日本でいう「文科系」というのは「数学ができない人でもできる学問」と言っても良いですし文科系に有利に言えば、語学ができる人に向いている学問とも言えます。

それでは「歴史」というのはどちらの学問でしょうか? 現在は文科系に属していますが、なぜ文科系なのでしょうか? 人間という生物を他の生物と同じような「生物」として捉えれば、その活動記録(歴史)はまさに理科系です。私がもともと文科系、理科系の区別は学問としては無意味で、大学受験の区分と思っているので、なぜ歴史が「文科系」なのかということに対して回答することができないのですが、おそらく「歴史の中で「人の気持ち」を重要視する場合、歴史は文化系に属する」、「自動翻訳機がないときに古文書を解明しなければならないから」という理由のような気がします。

もともと学問は「研究の対象」があり、それを「整理」し、「論理的に組み立てる」という作業ですから、歴史を理科系の人がやっても文科系の人がしてもなにも問題がないように思います。

ところで、私がここにこれを書いたのは、「武田がなんで歴史を書くのか」とのバッシングが常にあるからです。私ばかりではなく、日本では学問が最初から発達した例がないので、「専門」を過度に強調します。これはSTAP事件の時もそうでしたが、「再現性」などは学問がかなり成熟しないとできませんが、日本の学問が欧米に基礎を置き、悪く言えば「重箱の隅をつついている学者」が多いことにもよります。

このブログにも連載していく予定ですが、「持続性」という研究課題も、欧米が「持続性の崩壊」と言うと、「崩壊するのかどうか」という基本的なことは日本では考えられず、「欧米が持続性は崩壊するというから、どうしたら崩壊しないようにできるか? 節約だ」というようになるのです。

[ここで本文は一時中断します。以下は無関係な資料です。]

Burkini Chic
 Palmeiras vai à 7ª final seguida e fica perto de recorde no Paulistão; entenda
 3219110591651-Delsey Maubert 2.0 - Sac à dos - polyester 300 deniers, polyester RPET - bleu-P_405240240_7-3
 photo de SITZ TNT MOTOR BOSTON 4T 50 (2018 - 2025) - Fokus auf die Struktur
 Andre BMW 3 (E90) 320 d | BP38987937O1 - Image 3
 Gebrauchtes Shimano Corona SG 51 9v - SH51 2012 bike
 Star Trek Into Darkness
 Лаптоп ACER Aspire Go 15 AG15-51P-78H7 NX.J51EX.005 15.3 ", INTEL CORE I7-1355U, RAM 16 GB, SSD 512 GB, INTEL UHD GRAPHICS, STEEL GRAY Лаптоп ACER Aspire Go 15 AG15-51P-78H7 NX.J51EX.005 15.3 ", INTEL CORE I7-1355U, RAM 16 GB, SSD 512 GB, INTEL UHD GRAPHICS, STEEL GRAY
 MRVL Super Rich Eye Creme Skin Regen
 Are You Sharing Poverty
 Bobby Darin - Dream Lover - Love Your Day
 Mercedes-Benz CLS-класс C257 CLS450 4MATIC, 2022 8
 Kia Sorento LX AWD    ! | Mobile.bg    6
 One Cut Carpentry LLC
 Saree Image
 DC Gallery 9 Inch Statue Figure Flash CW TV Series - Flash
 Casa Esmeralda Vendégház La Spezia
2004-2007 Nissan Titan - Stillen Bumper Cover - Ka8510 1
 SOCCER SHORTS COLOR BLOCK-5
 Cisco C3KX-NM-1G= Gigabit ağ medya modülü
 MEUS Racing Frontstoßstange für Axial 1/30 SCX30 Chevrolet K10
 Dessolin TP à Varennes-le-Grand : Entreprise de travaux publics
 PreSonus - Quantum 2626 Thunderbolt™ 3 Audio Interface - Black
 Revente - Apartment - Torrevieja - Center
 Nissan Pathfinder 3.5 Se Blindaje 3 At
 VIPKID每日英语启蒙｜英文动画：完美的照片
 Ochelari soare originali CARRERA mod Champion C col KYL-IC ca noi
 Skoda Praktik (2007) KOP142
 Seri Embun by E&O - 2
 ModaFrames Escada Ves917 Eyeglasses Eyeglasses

学問の心はもっと自由で、その人が理科系か文科系か、欧米が主張しているかどうかなどより、もっと対象物に対して興味があり、「人」ではなく「書いてあるもの、言っていること」などに注目して、それを整理したり批判したりするべきでしょう。

原発事故のあと、「11ミリ」の規制があるかどうかに議論が行かずに「武田はおかしい奴だ」という人に対するバッシングの方向に行きましたし、STAPでも万能性をもった細胞が外部刺激で万能性を持つ条件ということには興味が行かず、若い女性をバッシングするのに懸命になったように思うのです。

日本の文化がさらに進むためには、「その人・・・誰々だ」というより「学問的成果」に注目する日が来ることを期待しています。